[SOURCE DATA]
----

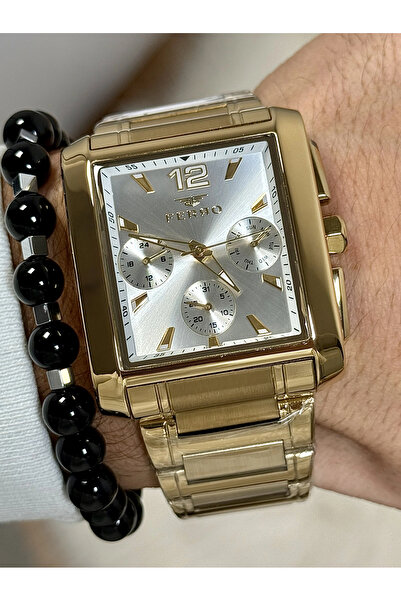 FERRO Sarı Çelik Kordon ERKEK Kol Saati FM11465AWT-B Fonksiyonları Aktif hediye Paketli+ Hediye Bileklikli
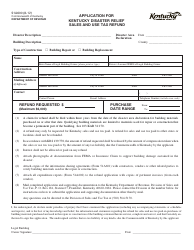 Document preview: Form 51A600 Application for Kentucky Disaster Relief Sales and Use Tax Refund - Kentucky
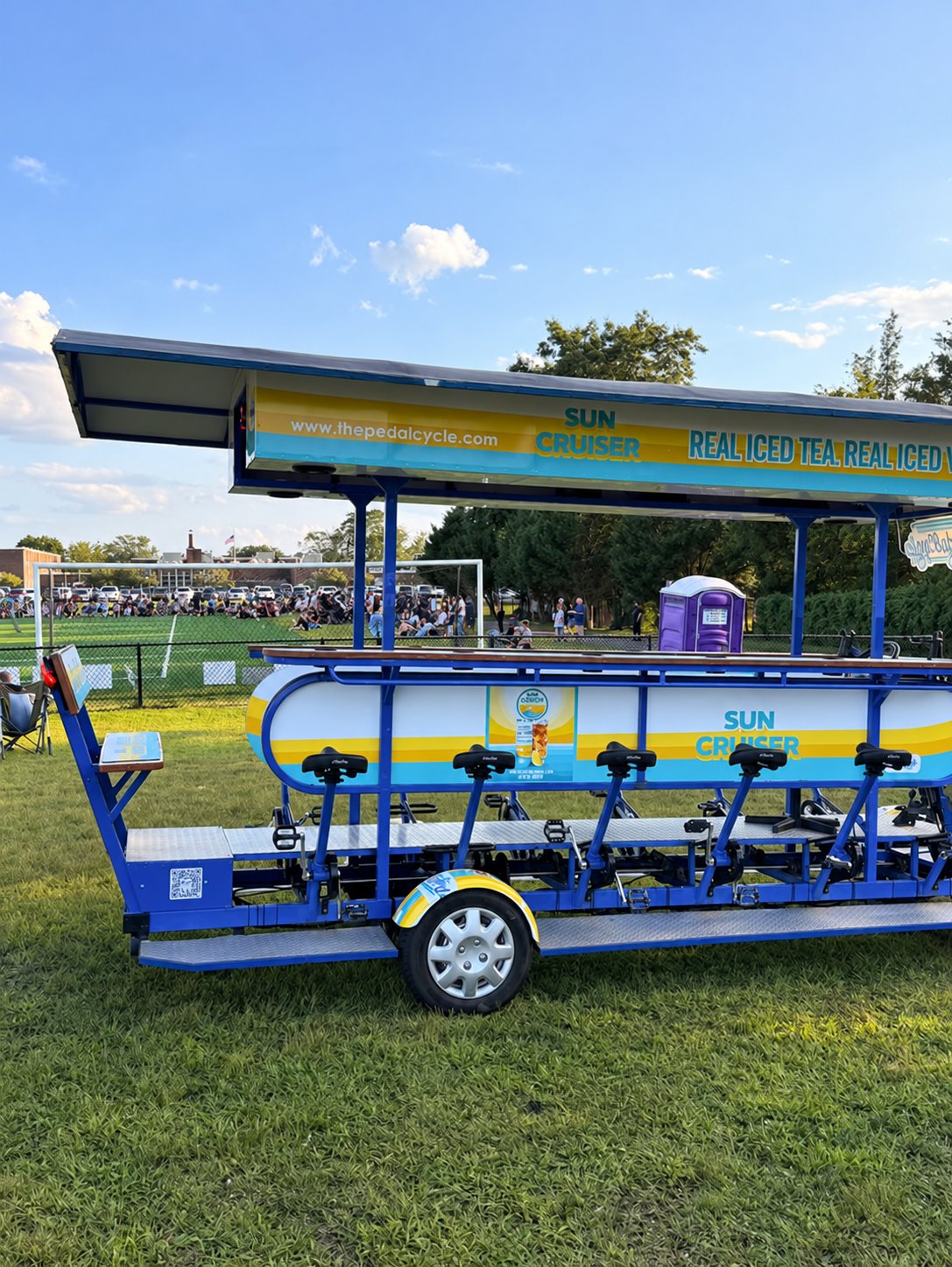 The PedalCycle party bike at the Toms River Warriors pep rally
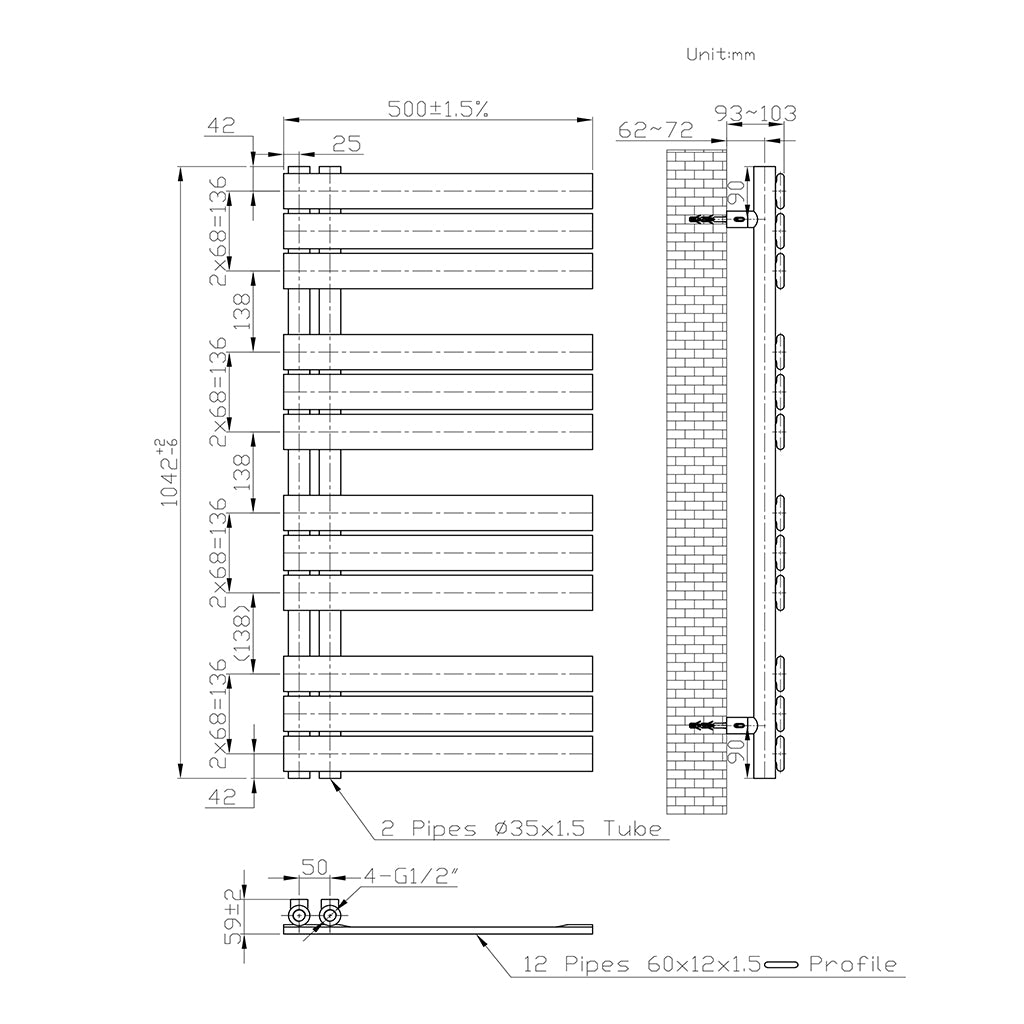 1042x500mm BadHeizkörper Handtuchhalter Handtuchtrockner Gerade Weiß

----

[PROBLEM TO SOLVE]
Reproduce the lines above, exactly and exclusively, from the line containing "Document preview: Form" down to the last line, both included; pictures are not part of the copy.

[EXERCISE ANSWER]
 Document preview: Form 51A600 Application for Kentucky Disaster Relief Sales and Use Tax Refund - Kentucky
 The PedalCycle party bike at the Toms River Warriors pep rally
 1042x500mm BadHeizkörper Handtuchhalter Handtuchtrockner Gerade Weiß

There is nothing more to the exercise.